Beda no disponía de medios para una velada fúnebre. La caja fué llevada a pie al camposanto, donde el párroco entonó el responso de ritual: no se creyó necesario celebrar un funeral completo para una persona muerta hacía tanto tiempo. Pero la pobre mujer tenía ahora al menos una tumba sobre la cual esparcer flores silvestres y llorar el recuerdo de su perdido compañero de fatigas.

 

Así pasó lo que quedaba de verano y también pasó el otoño. Pronto las embarcaciones volvieron a entrar en puerto, en Batviken, donde se echaron las anclas y se recogieron las velas. No tardaron en volver los días de fiesta hasta para las casas de los marineros más pobres, a las que padres e hijos habían vuelto sanos y salvos de las peligrosas tempestades invernales, y en las que recibían excelente acogida las pagas con tanta fatiga ganadas. Los capitanes, de regreso, ofrecían fiestas con cierta magnificencia a los armadores y a sus esposas, con ocasión del reparto de los derechos de cabotaje veraniegos.

También volvió Johan, badulaque e infantil como siempre. Había ahorrado algunos marcos de la paga de la temporada estival y se los entregó espontáneamente a Katrina. Pero después adquirió la costumbre de acercársele a pedirle en tono muy humilde unos peniques para «comprar caramelos para el chiquitín.» Katrina le daba un par de peniques cada vez. Sabía muy bien que los caramelos se habrían desvanecido antes de llegar a casa, y, en su indulgencia, pensaba que Johan hubiera podido ahorrarse aquellas pequeñas mentiras. Estaba ella muy lejos de querer negarle placeres tan inocentes como aquéllos, porque pensaba que al fin y al cabo le salían más a cuenta que si él hubiese tenido que comprarse tabaco.

Katrina, Johan y el pequeño celebraron juntos las Navidades en su pequeño hogar.
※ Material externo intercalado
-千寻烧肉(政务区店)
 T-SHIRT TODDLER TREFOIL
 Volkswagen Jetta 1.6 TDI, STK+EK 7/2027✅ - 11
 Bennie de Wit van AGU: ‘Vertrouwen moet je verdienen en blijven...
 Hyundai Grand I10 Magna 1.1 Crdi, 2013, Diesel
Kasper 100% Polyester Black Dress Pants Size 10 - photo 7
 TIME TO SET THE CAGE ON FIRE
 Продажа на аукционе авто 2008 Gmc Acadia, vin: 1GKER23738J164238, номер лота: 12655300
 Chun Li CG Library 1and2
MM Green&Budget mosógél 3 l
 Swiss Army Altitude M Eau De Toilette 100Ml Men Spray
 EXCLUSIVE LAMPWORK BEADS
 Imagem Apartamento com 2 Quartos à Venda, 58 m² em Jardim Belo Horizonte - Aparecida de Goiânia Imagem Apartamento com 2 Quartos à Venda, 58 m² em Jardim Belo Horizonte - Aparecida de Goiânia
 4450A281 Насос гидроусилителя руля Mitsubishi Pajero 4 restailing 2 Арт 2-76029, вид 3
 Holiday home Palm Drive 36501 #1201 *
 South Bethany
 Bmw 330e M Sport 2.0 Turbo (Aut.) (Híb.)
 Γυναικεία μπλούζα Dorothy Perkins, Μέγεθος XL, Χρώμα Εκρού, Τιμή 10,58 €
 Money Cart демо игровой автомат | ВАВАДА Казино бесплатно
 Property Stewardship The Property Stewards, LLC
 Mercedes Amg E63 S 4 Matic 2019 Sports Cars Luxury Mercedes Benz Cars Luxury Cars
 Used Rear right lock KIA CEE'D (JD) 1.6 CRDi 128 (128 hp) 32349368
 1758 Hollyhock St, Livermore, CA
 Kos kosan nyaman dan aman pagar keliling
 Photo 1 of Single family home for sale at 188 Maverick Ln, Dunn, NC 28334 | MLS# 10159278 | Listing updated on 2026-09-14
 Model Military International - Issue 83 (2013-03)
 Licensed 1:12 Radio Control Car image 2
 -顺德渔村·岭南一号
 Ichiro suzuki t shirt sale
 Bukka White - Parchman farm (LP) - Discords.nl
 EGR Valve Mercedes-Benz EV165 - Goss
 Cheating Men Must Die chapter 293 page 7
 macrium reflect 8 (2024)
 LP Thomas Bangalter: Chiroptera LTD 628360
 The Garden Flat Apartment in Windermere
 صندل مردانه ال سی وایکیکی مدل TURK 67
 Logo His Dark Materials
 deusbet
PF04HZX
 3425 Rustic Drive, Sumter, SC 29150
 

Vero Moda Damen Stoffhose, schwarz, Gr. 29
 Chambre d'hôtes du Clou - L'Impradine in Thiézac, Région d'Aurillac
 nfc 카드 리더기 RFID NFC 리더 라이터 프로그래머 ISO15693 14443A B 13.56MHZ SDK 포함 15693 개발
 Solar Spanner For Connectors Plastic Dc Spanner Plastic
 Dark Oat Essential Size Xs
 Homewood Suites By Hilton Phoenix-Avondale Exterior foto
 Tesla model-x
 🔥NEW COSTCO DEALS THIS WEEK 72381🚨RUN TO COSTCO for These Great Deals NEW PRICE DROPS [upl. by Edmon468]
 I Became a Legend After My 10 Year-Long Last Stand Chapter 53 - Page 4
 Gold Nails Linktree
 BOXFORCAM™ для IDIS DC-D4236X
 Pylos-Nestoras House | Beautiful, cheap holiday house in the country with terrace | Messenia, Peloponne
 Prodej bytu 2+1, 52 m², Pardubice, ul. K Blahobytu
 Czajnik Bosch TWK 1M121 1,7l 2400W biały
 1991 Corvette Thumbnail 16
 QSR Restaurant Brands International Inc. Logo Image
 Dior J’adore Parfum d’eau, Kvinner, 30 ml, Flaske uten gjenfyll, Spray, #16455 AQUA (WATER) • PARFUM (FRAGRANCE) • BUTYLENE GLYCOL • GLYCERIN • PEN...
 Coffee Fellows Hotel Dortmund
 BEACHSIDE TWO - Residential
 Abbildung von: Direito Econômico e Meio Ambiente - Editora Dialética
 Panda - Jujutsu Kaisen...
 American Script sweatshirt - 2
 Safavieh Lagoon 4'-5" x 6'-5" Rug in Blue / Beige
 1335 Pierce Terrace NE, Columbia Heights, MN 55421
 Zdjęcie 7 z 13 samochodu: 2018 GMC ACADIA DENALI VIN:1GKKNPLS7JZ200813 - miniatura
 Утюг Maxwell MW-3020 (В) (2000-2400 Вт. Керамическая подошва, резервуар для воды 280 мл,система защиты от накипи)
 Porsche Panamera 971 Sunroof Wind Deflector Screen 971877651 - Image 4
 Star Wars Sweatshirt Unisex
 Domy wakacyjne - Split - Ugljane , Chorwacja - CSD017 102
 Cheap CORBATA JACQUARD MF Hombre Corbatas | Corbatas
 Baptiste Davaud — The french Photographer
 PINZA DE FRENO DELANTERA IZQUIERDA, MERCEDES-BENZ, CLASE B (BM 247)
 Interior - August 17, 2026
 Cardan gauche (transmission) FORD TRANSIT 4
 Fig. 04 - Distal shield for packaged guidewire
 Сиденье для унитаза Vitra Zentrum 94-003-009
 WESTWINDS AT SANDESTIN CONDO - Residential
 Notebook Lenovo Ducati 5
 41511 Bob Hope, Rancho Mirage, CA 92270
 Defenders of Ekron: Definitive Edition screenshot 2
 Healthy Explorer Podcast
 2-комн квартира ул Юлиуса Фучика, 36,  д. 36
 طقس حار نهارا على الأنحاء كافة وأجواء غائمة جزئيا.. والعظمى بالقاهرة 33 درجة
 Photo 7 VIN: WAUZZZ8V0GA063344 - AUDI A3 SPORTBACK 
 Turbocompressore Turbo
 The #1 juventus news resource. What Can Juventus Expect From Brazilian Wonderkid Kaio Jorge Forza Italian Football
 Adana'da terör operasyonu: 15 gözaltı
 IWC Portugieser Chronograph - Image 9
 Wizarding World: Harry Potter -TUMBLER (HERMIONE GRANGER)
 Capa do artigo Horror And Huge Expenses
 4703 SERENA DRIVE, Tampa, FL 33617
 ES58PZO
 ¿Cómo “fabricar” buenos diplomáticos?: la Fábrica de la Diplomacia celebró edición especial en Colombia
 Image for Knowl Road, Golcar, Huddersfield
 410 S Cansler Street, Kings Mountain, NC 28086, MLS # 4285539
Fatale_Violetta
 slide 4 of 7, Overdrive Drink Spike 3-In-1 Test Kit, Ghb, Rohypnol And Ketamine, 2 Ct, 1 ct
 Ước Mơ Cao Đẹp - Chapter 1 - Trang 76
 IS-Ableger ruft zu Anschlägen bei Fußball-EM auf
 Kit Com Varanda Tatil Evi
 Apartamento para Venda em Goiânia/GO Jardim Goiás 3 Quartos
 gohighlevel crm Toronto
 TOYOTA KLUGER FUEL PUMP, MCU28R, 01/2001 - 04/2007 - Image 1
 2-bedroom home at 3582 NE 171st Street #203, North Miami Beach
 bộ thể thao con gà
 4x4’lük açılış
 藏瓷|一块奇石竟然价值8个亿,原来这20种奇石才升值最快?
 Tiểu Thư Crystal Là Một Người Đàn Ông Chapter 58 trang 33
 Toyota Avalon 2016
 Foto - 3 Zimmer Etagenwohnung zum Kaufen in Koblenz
El maravilloso cambio que la presencia de un hijo, aunque sólo tenga unos meses, opera en una casa, esparcía su luz esplendorosa en Klinten: para Johan fué la fiesta que con mayor alegría había celebrado en su vida. Y Katrina, aquel año, sentía menos añoranza de Österbotten y de los inolvidables días de fiesta de su infancia.

Ya al tercer día de transcurrida la Navidad empezaron a llover los invitados de la aldea. Hubo una serie de veladas en las que se ofrecía café en todos los hogares, desde la casita roja de un pescador de las riberas de Batviken hasta la más miserable barraca de trabajador edificada en los peñascos de la parte alta de la aldea. A cada hogar le llegaba el turno de ofrecer a todos los vecinos una taza de café acompañada de un pan de trigo y bizcochos. Era en verdad hermoso vestirse las ropas de los días de fiesta, un día y otro, en cuanto asomaban las sombras de la noche, y correr a reunirse en alguna caliente cocina en donde fulguraban las luces del árbol de Navidad, se respiraba el delicioso aroma del café que humeaba en las grandes y relucientes tazas en que se sumergían los bizcochos, y se escuchaban, mientras tanto, las nuevas aventuras que los marineros habían corrido en el pasado y ya lejano verano.

Al mediar la primavera, Johan volvió a hacerse a la mar en el Frida, y el tercer verano que Katrina pasaba en Åland transcurrió aproximadamente como los anteriores. Su hijito, que crecía fuerte y robusto, empezaba ya a caminar, y ella se lo llevaba consigo a los lugares de trabajo. Así llegó el otoño.